Cortando a região há duas importantes rodovias: a “A303(T) e a “A344”. Stonehenge fica próximo ao ponto onde elas se tornam uma, mas o acesso se dá pela A344. Como todo ponto turístico por onde passamos na Inglaterra, lá também havia uma ótima infra-estrutura para os visitantes. Um amplo estacionamento, uma loja de souvenir, uma lanchonete e a bilheteria ficam do lado oposto da pista. Assim que se passa pela bilheteria, a travessia pela rodovia se faz por um túnel com toda segurança.

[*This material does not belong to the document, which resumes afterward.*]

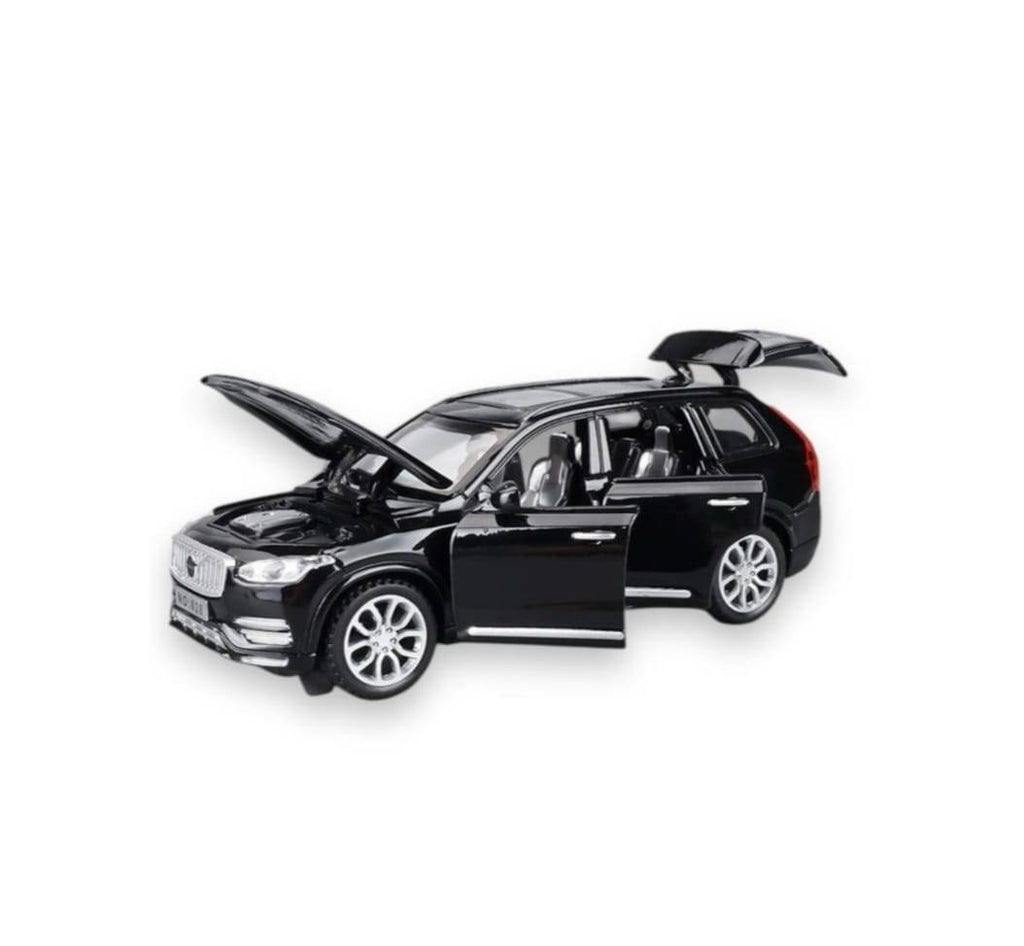 Masinuta metal mecanica, Volvo XC90, sunete, usi mobile, capota mobila, portbagaj mobil, negru, 16 cm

Do outro lado, logo próximo à saída do túnel está o tão famoso agrupamento de rochas.

Meses antes de nossa viagem para a Europa, tive a oportunidade de assistir a um documentário da National Geographics onde arqueólogos e outros estudiosos de Stonehenge relataram suas últimas descobertas. O documentário apresentou encenações das possíveis atividades do povo que habitara a região há quase cinco mil anos.

Estando ali tão perto, quase podendo tocar as pedras, toda a história de que vi na NG veio à minha mente. A construção daquele monumento em uma época com tão poucos recursos foi realmente um grande feito. Me fez pensar em como o ser humano se esforça para construir. Mas, na mesma proporção, ele também se esforça para destruir.

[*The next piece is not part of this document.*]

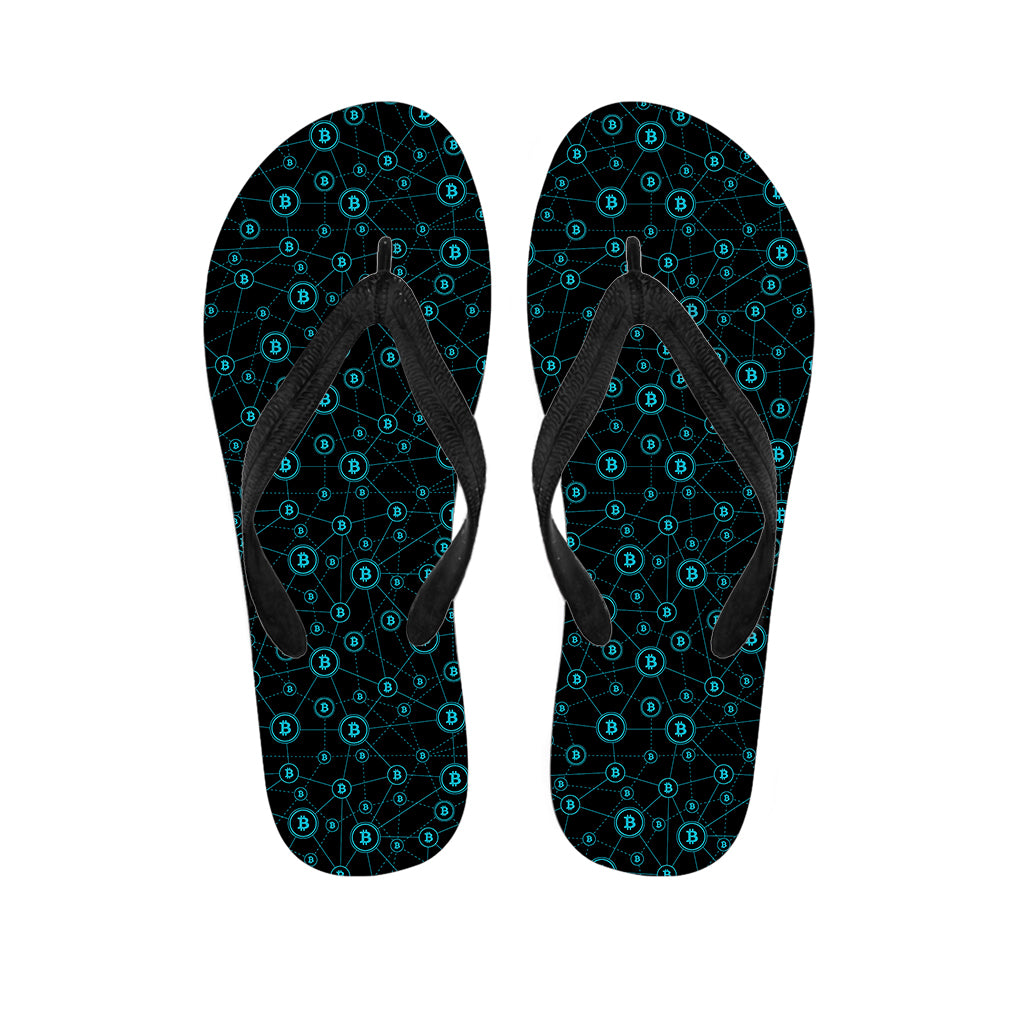 Blue Bitcoin Pattern Print Flip Flops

Delimitando a área ao redor das pedras por onde visitantes podem passar há uma corda sustentada por bastões a uns 60 centímetros do chão. Isso é tudo que protege as pedras da curiosidade dos turistas. Fico pensando como seria se Stonehenge ficasse no Brasil.

Após um bom tempo fotografando e apreciando o lugar, retomamos nossa caminhada de volta para Amesbury, mas por outro caminho – mais curto. No total foram 13 quilômetros de caminhada e uma experiência que nunca esquecerei.

A trilha e outras informações estão disponíveis no link http://www.everytrail.com/view_trip.php?trip_id=75530 .

O álbum de fotos está disponível em http://www.flickr.com/photos/teddsantana/sets/72157623054617299/

Homenagem

Esta aventura se deu no exato dia do terceiro aniversário da morte de Jean Charles de Menezes, vítima de erro da polícia britânica que o confundiu com um homem bomba e o matou a tiros em uma estação de metro em Londres.

Fica minha homenagem a este brasileiro que se aventurava em Londres em busca de uma vida melhor.